NEW BOOK
Pluralses: On the Use and Abuse of Multiple Plurals
Edited by Trey Jones and G. Edward Johnson
Published 2005, Hardcover, 67 pages. Price: $237.50
Published in collaboration with Sum Random Publishing House, Gaithersburg, MD.
This slim but exciting volume explores the multiple interpretations of supposedly “morphologically redundant” plurals.
Topics include:
Diachronic Surveys, exploring the history of such alternations as fish/fish/fishes, person/persons/people/peoples, mouse/mice/mouses/mices, and thank/thanks/thanx/thanxes.
Synchronic Explorations, surveying the current useses and meaningses of double pluralses in several diverse dialectses of English.
Spirited Discussion, including the proceedings of the Multiple Plurals Roundtable Discussion Group Conference, MPRDG-Con XIX: Pocketses: Gollum, the Lord of the Rings, and the Sociolinguistic Status of MP on the Upswing
Heated Debate, including sharp point/counterpoint exchanges
in which the editors debate the merits of their preferred
interpretations of the triply plural form childrens (child + [e]r(pl.) + en(pl.) + s(pl.)):
Children, like cats, are more emphatically plural than
most ordinary nouns. Two children are much more than twice as much work
to care for as one, and four much more than twice two. I expect to see
in the future forms like childrenses with four or more plural markers, as speakers continue to subconsciously grammaticalize this exponential plurality of young humans.
from “Point: Childrens and Exponential Plurality--Repeatedly Redundant
Morphological Markers as Semantic Stress”
by noted mathematician Trey Jones
Plural marking is binary, not additive or absolute--that is, speakers use plural markers to toggle plurality. Thus, native speakers instinctively compute that doubly plural children is, logically, no more plural than unpluralized child and so move to correct the situation.
from “Counterpoint: Carefully Correcting
Plurality Parity Imbalances in Children--Telling Triple Toggling Tendencies”

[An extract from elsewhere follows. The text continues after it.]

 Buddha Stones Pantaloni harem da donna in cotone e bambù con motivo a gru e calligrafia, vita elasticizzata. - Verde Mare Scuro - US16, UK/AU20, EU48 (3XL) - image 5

by noted computer scientist G. Edward Johnson
Selected Reviews
“One of the bestest bookses I’ve never read, the intellectuosity goes straight to your head!”
--Dr. Seuss
“A finely-bound, handsome tome, lovingly and painstakingly written in full reverence of the hallowed, historic tradition of scholarly treatises, which craftily and cunningly explores and explicates complex relationships among fascinatingly convoluted interwoven strands of intellectual achievement in the far-reaching field of.. wait.. sorry, I’ve lost it. Can we do another take?”
--Jaques Derrida
“Not overly long or dense, an excellent choice as a topic for a term paper due in less than twenty-four hours. ”

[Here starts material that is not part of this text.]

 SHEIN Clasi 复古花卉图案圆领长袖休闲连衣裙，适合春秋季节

--National Association of Grad Students, Starred Reviews
An exciting work of scholarly excellence, Pluralses: On the Use and Abuse of Multiple Plurals, edited by Trey Jones and G. Edward Johnson, published jointly by Psammeticus Press and Sum Random Publishing House, is on sale now at fine booksellers world-wide, except where taxed or prohibited by law.